→ Description of the task
The entries below contain pictures, which are to be left out; write out exactly, and only, the lines from the line with "Rolypoly Erkek Çocuk" up to and including the line with "ROLEX Datejust Silver".
[Available data Boundary: Start]
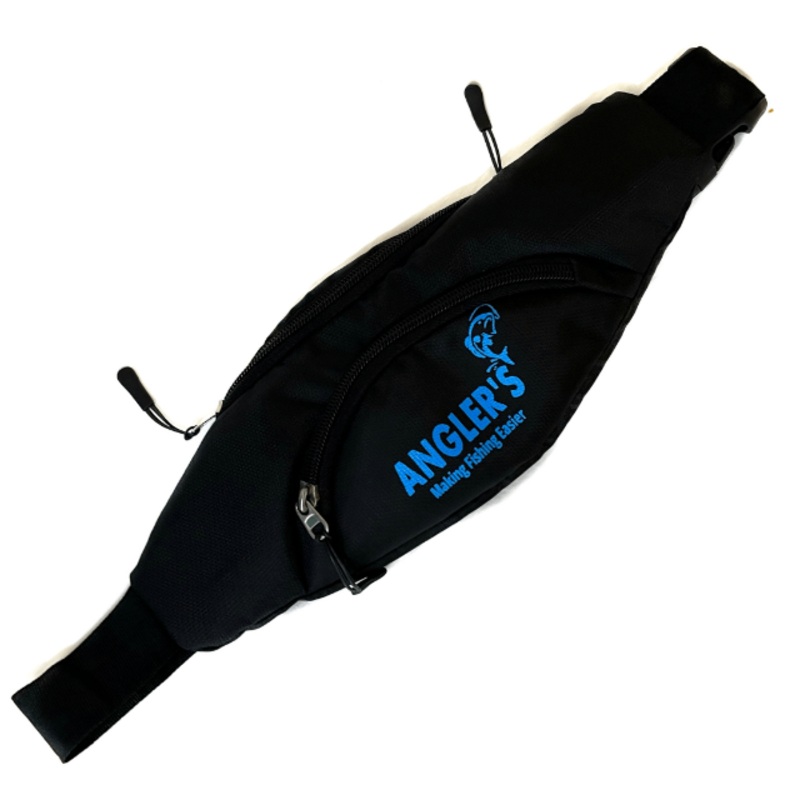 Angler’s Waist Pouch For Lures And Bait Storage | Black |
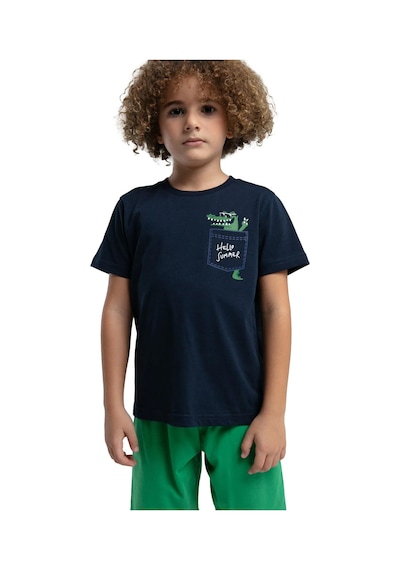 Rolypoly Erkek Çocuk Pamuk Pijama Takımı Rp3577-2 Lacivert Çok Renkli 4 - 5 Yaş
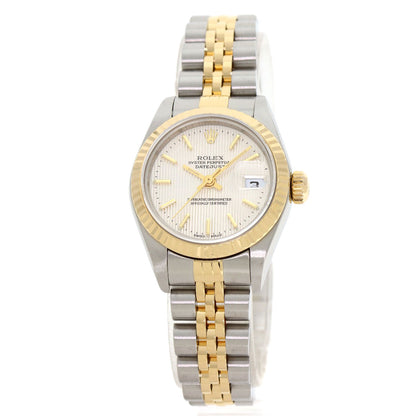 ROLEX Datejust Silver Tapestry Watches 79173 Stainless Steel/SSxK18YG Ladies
[Available data Boundary: End]
[Available data Boundary: Start]
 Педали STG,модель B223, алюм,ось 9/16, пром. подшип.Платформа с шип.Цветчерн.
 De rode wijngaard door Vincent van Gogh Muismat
[Available data Boundary: End]
→ Result of the task
 Rolypoly Erkek Çocuk Pamuk Pijama Takımı Rp3577-2 Lacivert Çok Renkli 4 - 5 Yaş
 ROLEX Datejust Silver Tapestry Watches 79173 Stainless Steel/SSxK18YG Ladies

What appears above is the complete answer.